Something different happened at Sunday’s match between Borussia Dortmund and FSV Mainz 05. A match was played and completed, with Dortmund coming up 2-0 winners over the visitors, yes.
But there was something different. The crowded Signal Iduna Park, bursting at the seams with its usual 80,000 or so capacity crowd, and usually enormous with noise and with singing and cheering, was eerily quiet, and quieter as the match progressed. Word had gotten out — one of the Dortmund supporters in the crowd had died, of a heart attack, and the crowd, including the traveling Mainz supporters, was relatively hushed, out of respect for their fallen comrade.
Fortunately, someone infinitely wise at Fox/Sky Sports televising the match did not cut away for a commercial immediately after the normal post-game niceties. Instead, we viewers witnessed the players on the pitch. The Dortmund players and staff exchanged hugs and handshakes with their opponents and then, with little fanfare as they became aware of what had happened in the stands, walk slowly towards the fans at the end of the stadium for their usual post-game recognition of their supporters. The fans were singing loudly, the “You’ll Never Walk Alone” pop-song-turned-anthem that signifies solidarity among supporters and their club, club scarves held aloft. The Dortmund players stood facing the stands, arms draped over each other, quiet, as the supporters sang. Biting upper lips, Neven Subotic bowing his head, Roman Bürki on the brink of tears, Pierre-Emerick Aubameyang’s 100 mile lost-in-thought stare, it was obvious that the players were reacting to the emotions of loss and solidarity,and feeling those themselves.

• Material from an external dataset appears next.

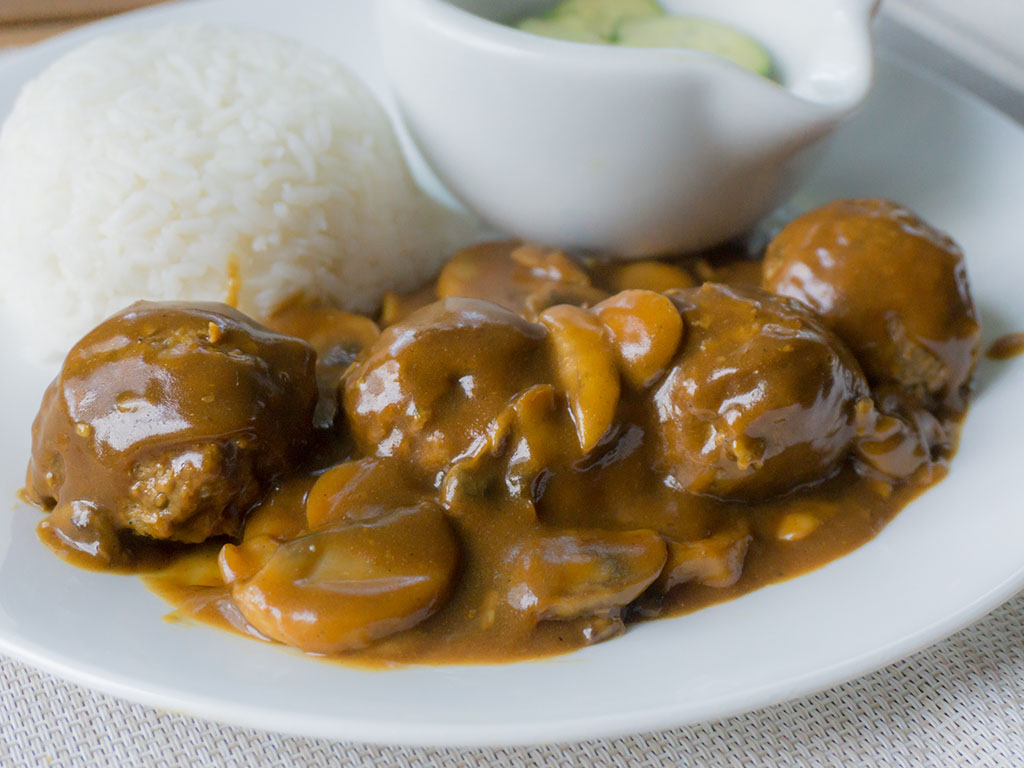 Gardein meatballs in Japanese curry with rice and sunomono
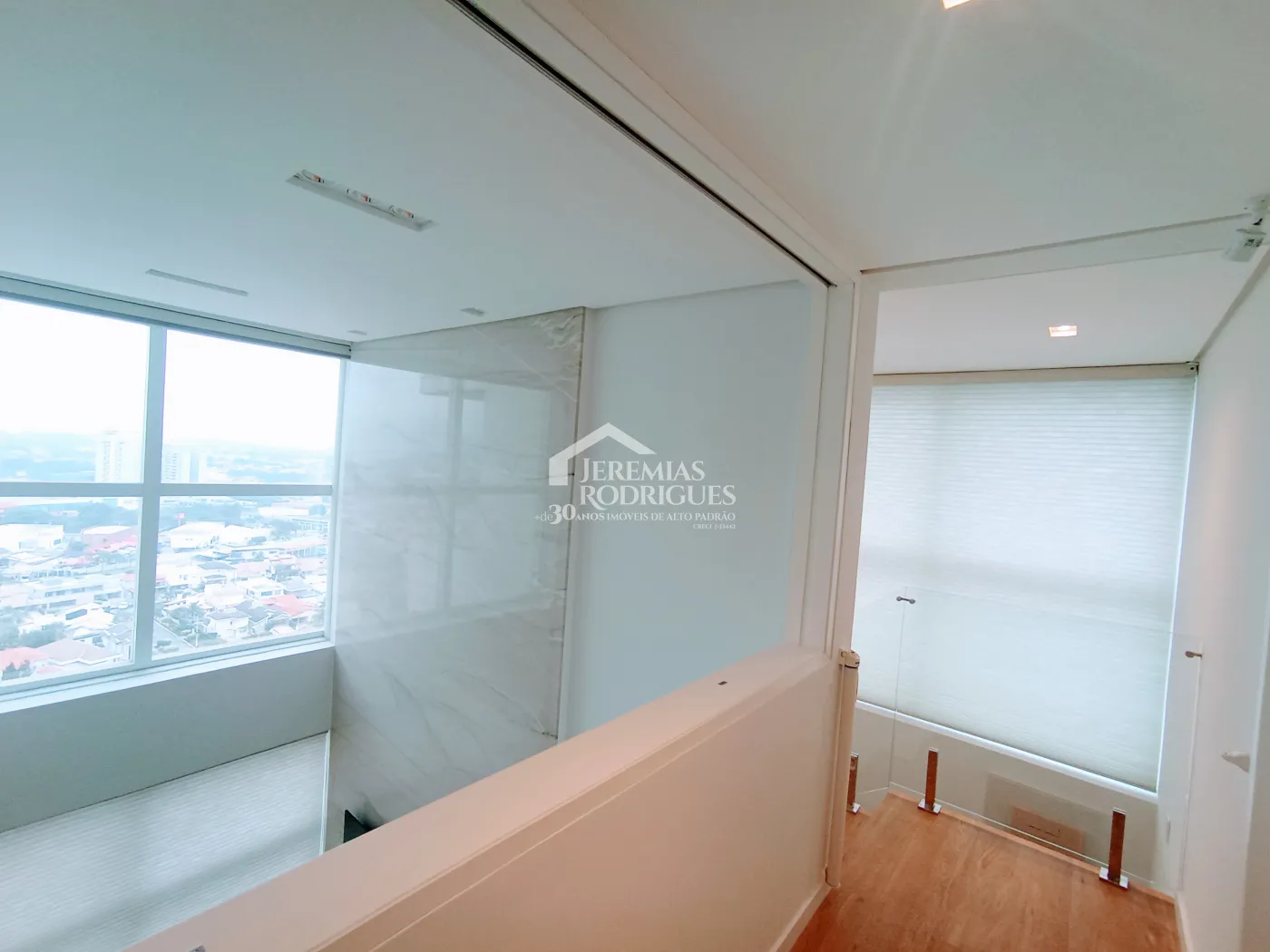 Cobertura duplex à venda com 3 dormitórios, 182 m² no Edifício Vert Residence em Taubaté/SP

Clearly the players were moved, not only be the tragedy itself, but that bond between themselves and their supporters, their city, their region. Young, famous, wealthy, inordinately skilled and in the prime of their lives, these players born in Germany, Japan, Colombia, Greece, France, Armenia, Switzerland and in nations that no longer exist were part of something bigger than their fame, their skill, their money. They allowed the better angels of their natures* to embrace them, put aside their ‘specialness’ and everything else for the sake of humanity, respect, bonding. And they will all be better men for those memorable moments, shared.

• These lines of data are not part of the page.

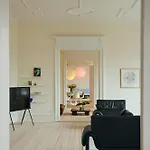 Διαμέρισμα Classic Flat With Large Terrace *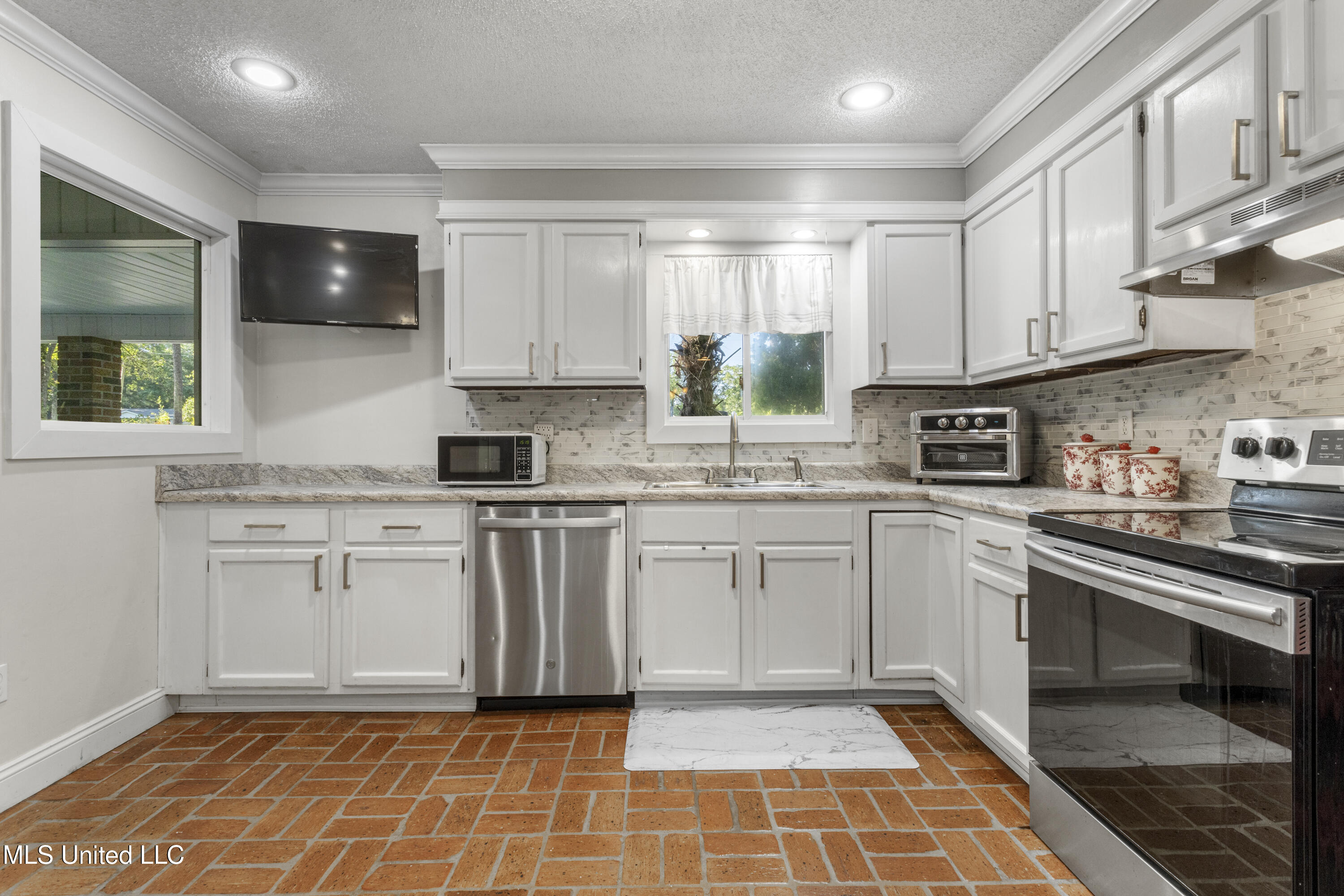 18517 George Cumbest Road, Moss Point, Mississippi image 18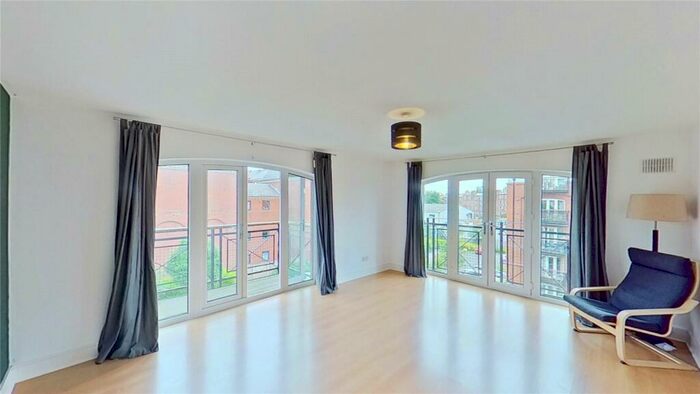 3 Bedroom Flat To Rent In Appin Street, Edinburgh, EH14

*The phrase “better angels of our nature” was spoken by President Abraham Lincoln, at his first inaugural address in 1861, after several Southern states had just seceded from a Republic less than eighty years old. It was an appeal for the differing factions of the country to put aside those differences for the sake of preserving the Union and the noble experiment of republican government.
150 years later, the leading candidate of Lincoln’s Republican Party appeals daily to the opposite of our better angels. His daily spewing of bile, televised dutifully by every media entity because of its “theatrical drama,” is a constant denial of respect for the other in American life — the protester, the immigrant, the young, even the other Presidential candidates. A self-styled “strong man,” the candidate immerses himself in pro-authority declarations while his public life reflects nothing but the aggrandizement of his personal brand and a strength only purchased by extreme wealth.
Thus, the gift of witnessing the interaction between Dortmund players and supporters today was a well-needed tonic and a reminder that, amid the snarling of venomous political candidates, there truly remain better angels of our nature.